The AFP stood by Brouksy’s article and justified the passage in question as providing context for the election.
“Even if the journalist had in fact questioned the palace’s neutrality in this election, it would not justify a sanction from the government, much less one as drastic as taking away his accreditation,” Whitson said.
Without accreditation, a journalist risks being denied entry to government news conferences and being unable to obtain comments from government officials or to renew his press card. Morocco should revise its regulations to prohibit the government from using arbitrary criteria, especially any that can be used to punish political commentary, to rescind press accreditation, Human Rights Watch said.
In 2011, the United Nations Human Rights Committee, which is considered the authoritative interpreter of the International Covenant on Civil and Political Rights (ICCPR), held in its General Comment 34, “Limited accreditation schemes are permissible only where necessary to provide journalists with privileged access to certain places and/or events.

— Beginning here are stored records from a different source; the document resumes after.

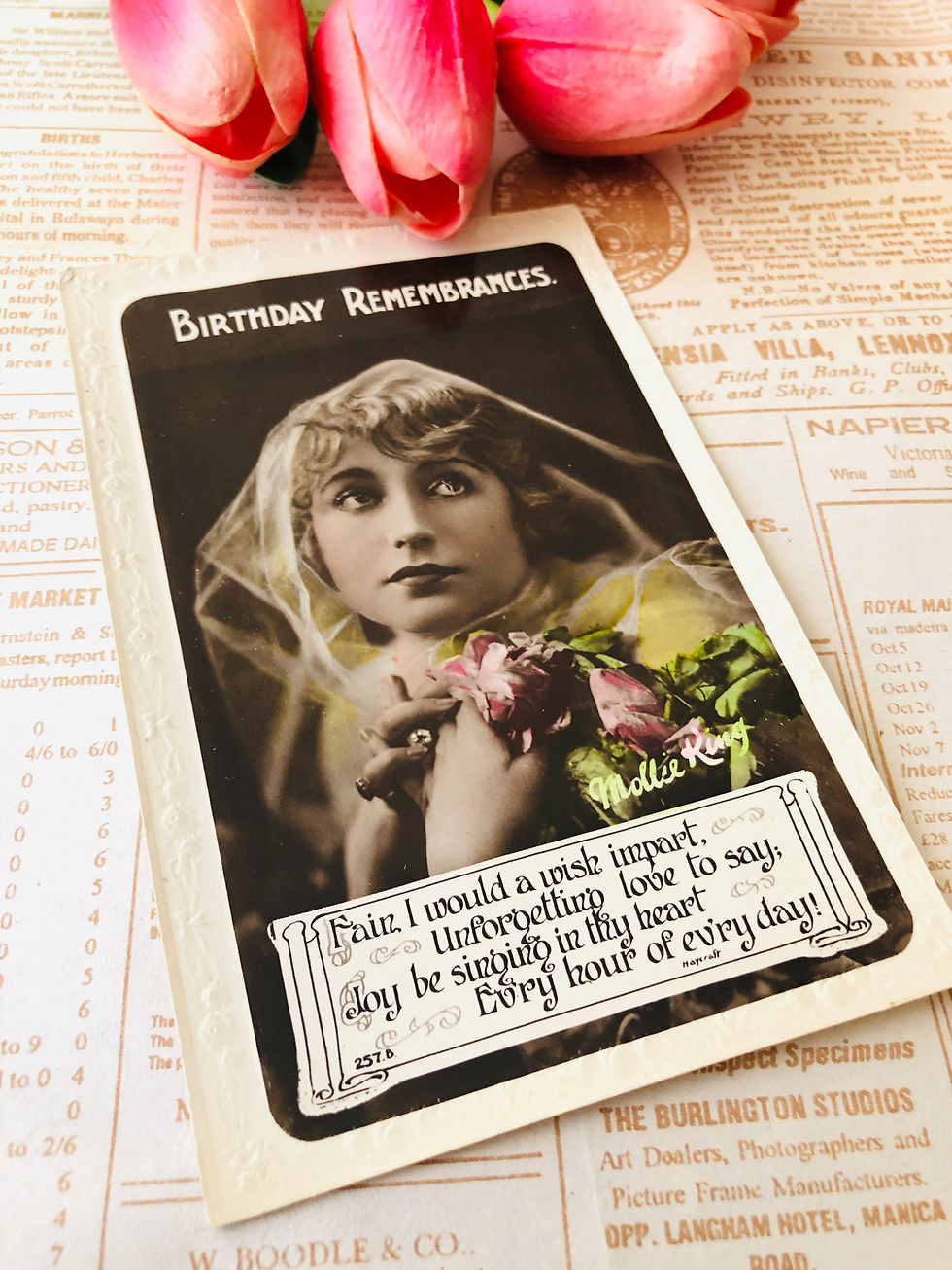 Thumbnail: Cartolina vintage inglese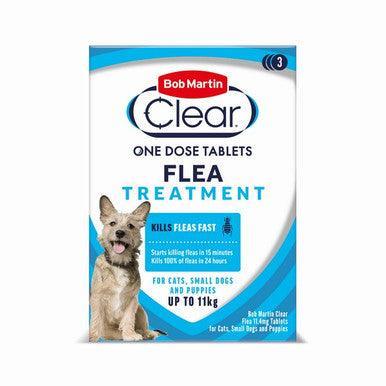 Bob Martin Clear Flea Tablets for Small Dogs Puppies and Cats (3Tabs) - Case of 6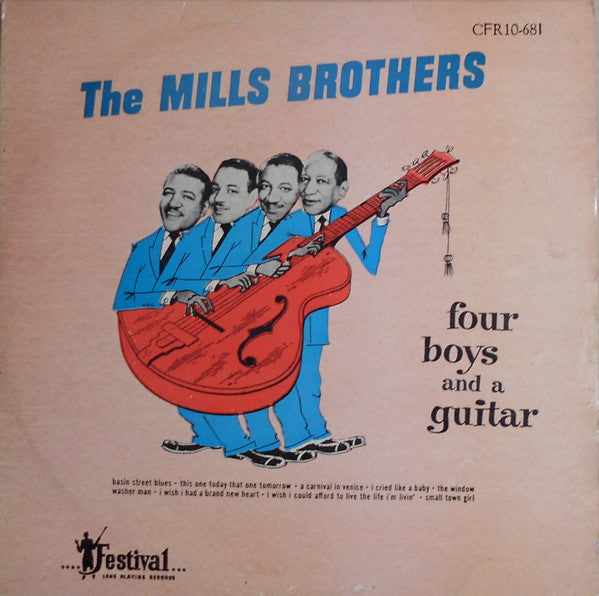 The Mills Brothers : Four Boys And A Guitar (10")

Such schemes should be applied in a manner that is non-discriminatory and compatible with article 19 and other provisions of the [ICCPR], based on objective criteria and taking into account that journalism is a function shared by a wide range of actors.”
The press code provides prison terms for a number of nonviolent speech offenses, including, in article 41, for any “offense” directed at the king or the royal princes or princesses, or speech that “harms” the institution of the monarchy, the Islamic religion, or Morocco’s “territorial integrity.” The latter usually is applied to disputing Morocco’s claim of sovereignty over Western Sahara.
On October 29, 2010, Moroccan authorities ordered the closure of Al Jazeera’s Rabat bureau after withdrawing the accreditation of eight of its Morocco-based correspondents over the previous two years. The channel had, according to an official statement, “seriously distorted Morocco's image and manifestly damaged its greater interests, most notably its territorial integrity,” an apparent allusion to Western Sahara.
In January, a new government led by the Party of Justice and Development took office following its victory in legislative elections. Khalfi, the new minister of communications and government spokesman, told Human Rights Watch on April 4, 2012, that he expected to resolve the problem of Al Jazeera so that it could operate again in Morocco; Al Jazeera confirmed that it had held discussions with Moroccan authorities. However, six months later, the station’s Rabat bureau remains shut and Al Jazeera is forced to prepare its reports on Morocco from its head office in Doha, Qatar.
This is not the first time that authorities have withheld accreditation from Brouksy, who is a Moroccan citizen. After the AFP hired him to report for its Rabat bureau in March 2010, authorities refused, without explanation, to accredit him for nearly one year. Some Moroccan observers speculated in the press that the ministry objected to his previous journalistic work as editor-in-chief and a reporter for Le Journal Hebdomadaire, Morocco's most outspoken news organ before it closed. He wrote articles critical of the country's political leadership, including King Mohammed VI and those close to him.
“With Al Jazeera now able to report from post-revolution Tunisia and Libya, Morocco finds itself among the shrinking club of governments in the region that bans Al Jazeera,” Whitson said. “It should exit that club and stop trying to control how journalists cover sensitive subjects like the monarchy and Western Sahara.”